Exercise
Would you reproduce, word for word, only the lines from the one with "ZIP PLACKET CUT PANEL POLO" to the end of the listing below?

Task inputs
....................

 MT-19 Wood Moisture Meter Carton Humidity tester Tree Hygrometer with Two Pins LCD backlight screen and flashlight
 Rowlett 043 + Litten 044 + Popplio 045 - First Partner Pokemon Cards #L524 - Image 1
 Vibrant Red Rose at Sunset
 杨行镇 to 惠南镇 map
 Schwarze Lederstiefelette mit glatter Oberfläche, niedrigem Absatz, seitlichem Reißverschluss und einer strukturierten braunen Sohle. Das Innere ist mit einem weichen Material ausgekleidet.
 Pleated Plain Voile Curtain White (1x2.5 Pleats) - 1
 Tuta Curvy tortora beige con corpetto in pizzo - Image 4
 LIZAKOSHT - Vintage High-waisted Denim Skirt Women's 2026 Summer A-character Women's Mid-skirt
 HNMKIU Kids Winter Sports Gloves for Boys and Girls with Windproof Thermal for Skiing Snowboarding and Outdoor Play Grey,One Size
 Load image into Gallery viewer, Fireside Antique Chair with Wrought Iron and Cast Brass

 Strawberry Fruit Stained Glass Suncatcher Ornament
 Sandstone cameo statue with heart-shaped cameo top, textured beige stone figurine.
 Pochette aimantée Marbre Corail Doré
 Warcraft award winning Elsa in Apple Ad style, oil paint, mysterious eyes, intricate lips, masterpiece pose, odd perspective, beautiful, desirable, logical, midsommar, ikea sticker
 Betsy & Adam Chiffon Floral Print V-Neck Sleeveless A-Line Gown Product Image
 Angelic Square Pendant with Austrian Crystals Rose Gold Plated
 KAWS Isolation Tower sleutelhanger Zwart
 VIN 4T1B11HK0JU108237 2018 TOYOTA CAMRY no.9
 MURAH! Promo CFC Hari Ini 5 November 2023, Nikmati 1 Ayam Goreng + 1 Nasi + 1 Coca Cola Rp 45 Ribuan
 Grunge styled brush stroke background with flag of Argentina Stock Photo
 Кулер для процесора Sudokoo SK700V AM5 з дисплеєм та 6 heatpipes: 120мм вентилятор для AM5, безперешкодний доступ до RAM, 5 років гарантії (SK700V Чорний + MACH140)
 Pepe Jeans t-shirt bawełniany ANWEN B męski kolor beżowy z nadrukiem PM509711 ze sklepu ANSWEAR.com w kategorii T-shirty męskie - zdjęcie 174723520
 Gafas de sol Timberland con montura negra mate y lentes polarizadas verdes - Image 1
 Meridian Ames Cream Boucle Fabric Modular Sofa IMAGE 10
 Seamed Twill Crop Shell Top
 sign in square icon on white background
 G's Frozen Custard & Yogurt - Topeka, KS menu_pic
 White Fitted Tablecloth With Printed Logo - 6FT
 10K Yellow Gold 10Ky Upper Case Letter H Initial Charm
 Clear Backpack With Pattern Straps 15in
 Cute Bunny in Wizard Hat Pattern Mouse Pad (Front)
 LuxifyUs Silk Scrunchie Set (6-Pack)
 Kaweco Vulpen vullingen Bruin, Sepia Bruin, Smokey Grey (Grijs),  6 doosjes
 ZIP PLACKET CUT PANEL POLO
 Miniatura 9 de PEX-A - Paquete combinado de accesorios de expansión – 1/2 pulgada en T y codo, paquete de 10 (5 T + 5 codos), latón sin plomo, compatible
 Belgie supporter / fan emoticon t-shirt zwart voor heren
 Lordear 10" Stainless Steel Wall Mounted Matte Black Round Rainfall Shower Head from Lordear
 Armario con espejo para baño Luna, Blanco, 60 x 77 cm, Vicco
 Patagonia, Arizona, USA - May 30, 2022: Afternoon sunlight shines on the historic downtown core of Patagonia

....................

Solution to the exercise
 ZIP PLACKET CUT PANEL POLO
 Miniatura 9 de PEX-A - Paquete combinado de accesorios de expansión – 1/2 pulgada en T y codo, paquete de 10 (5 T + 5 codos), latón sin plomo, compatible
 Belgie supporter / fan emoticon t-shirt zwart voor heren
 Lordear 10" Stainless Steel Wall Mounted Matte Black Round Rainfall Shower Head from Lordear
 Armario con espejo para baño Luna, Blanco, 60 x 77 cm, Vicco
 Patagonia, Arizona, USA - May 30, 2022: Afternoon sunlight shines on the historic downtown core of Patagonia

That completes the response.